Anyway, the machine never had any of those damned black and white dealies. I don’t know when they’ll show up, frankly, if ever. We have Fritos in there that could register to vote. Most of the animal crackers have died of old age already; now there are just bags of rotting cracker corpses sitting there, waiting for some poor hungry sod to come along and give them a decent burial. Poor little fake sugary animals. Where’s the ASPCA when you really need ’em, huh?
In a bit of almost completely unrelated news, my dog peed on the couch tonight.
(Okay, you can link through the ASPCA thing, I guess, since we rescued her from a shelter, but it’s really not much of a seque, frankly. She’s never even eaten an M&M, or so much as seen our candy machine at work. I doubt she’s even been in the office building. She doesn’t get out much. Lazy couch-pissing bitch.)
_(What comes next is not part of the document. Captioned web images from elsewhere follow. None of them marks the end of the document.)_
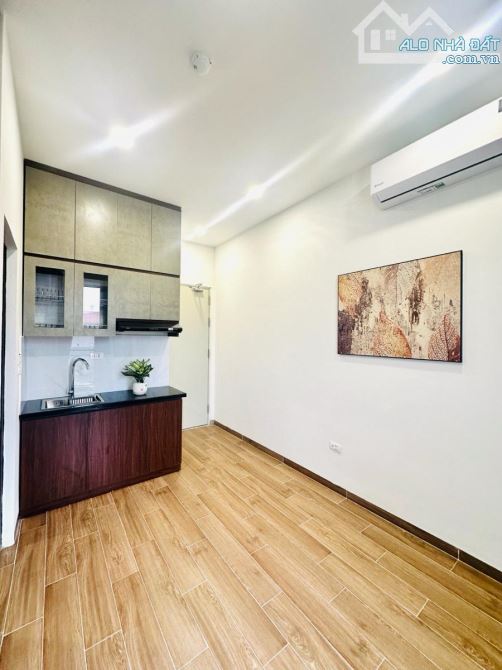 Bán gấp toà CCMN ngõ 78 đường Quang Tiến. Nam Từ Liêm DT85m x 7T. MT 4.5m. Giá 17.85 tỷ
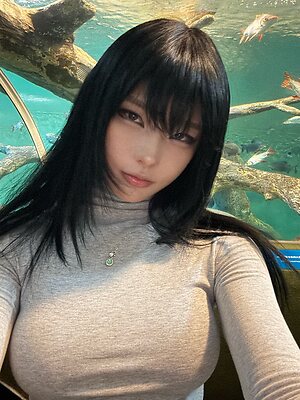 Set 12 — 5 photos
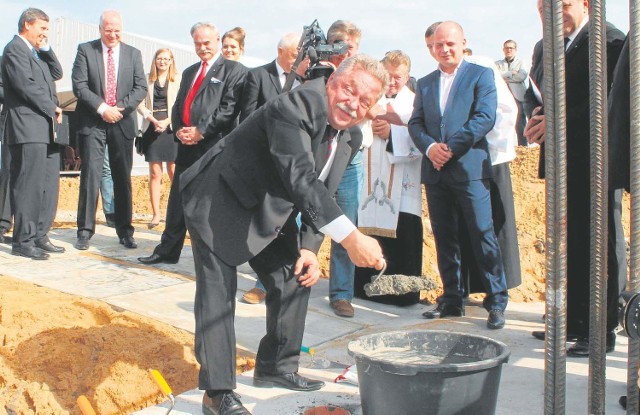 Tadeusz Kauch, burmistrz Ujazdu: Strefa gospodarcza zapełni się firmami w ciągu 10 latWe wtorek Tadeusz Kauch uczestniczył w uroczystości wmurowania kamienia węgielnego pod fabrykę Tru-Flexu.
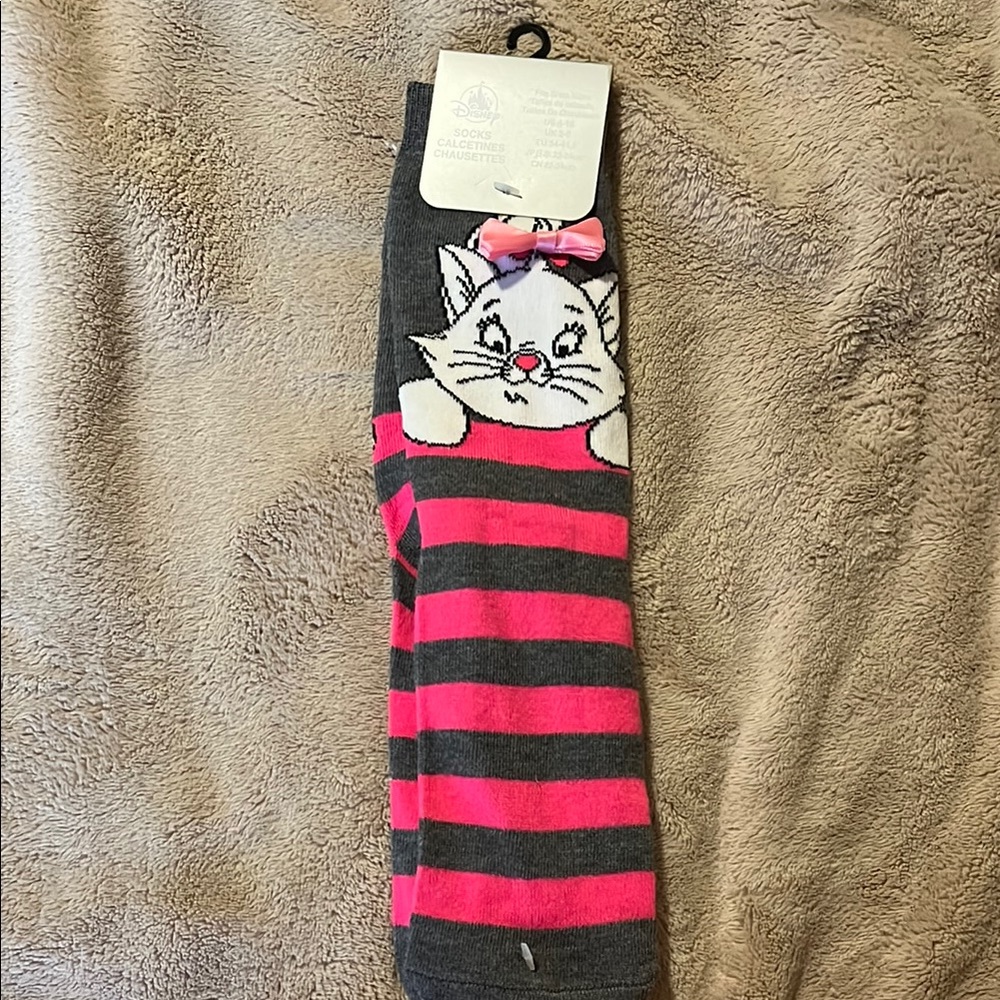 Gray and Pink marie Disney Socks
Anyway, it’s not so much that the dog copped a whiz on the cizzouch. Or ‘soiled the sofa’, if you prefer. Or ‘diddled on the divan’, if that’s the way your mind works. (Sicko.) But it’s not any of that, really — it’s just that… well… yeah, okay, it is that, dammit. The dog pissed on the couch! What the hell else could it be? Ungrateful little hairy-assed hag.
See, this is the dog that we took in, right out of the shelter, a few years ago. We brought her into our home, and we feed her, and water her, and give her nice soft blankets to sleep on. We pat her on the head when she meets us at the door, and we rub her tummy when she rolls over and looks pitiful. Well, unless she’s way the hell across the room; the bitch should know where to roll over if she wants her teats massaged, right?
(Yeah, yeah, I know. That’s nasty. Just think of it as one of those ‘Count the number of things wrong with this sentence‘ games. Me, I counted six. Of course, your level of moral outrage may vary.)
Anyway, the dog is just damned lucky that my wife found the evidence tonight. If it’d been me, the dog might be chained to the roof now, or tied down in the back yard, or stuffed in the oven. (Oh, don’t give me that look — I wouldn’t turn it on, dammit. I’m not a monster. Nor hungry. Right now, anyway.) Of course, it’s understandable that I would be harder on the pooch for this little transgression — it was my seat that she emptied her bladder on. Lousy fricking mutt’s got four cushions she could have sat on and let loose, and she just had to hop onto mine. Piss-spritzing fleabag, anyway.
Okay, that’s probably just about enough of that. It’s the last straw in convincing me to find a way to keep the dog off the damned furniture, but I still don’t quite know how I’m going to manage it. I’ve thought of ‘scat mats’, or spraying repellent of some kind on the couches. I’ve even considered rubbing my naked body all over the cushions, to mark them as my own. Or, really, just to pass an otherwise boring Saturday afternoon. Whatever — it’s all good.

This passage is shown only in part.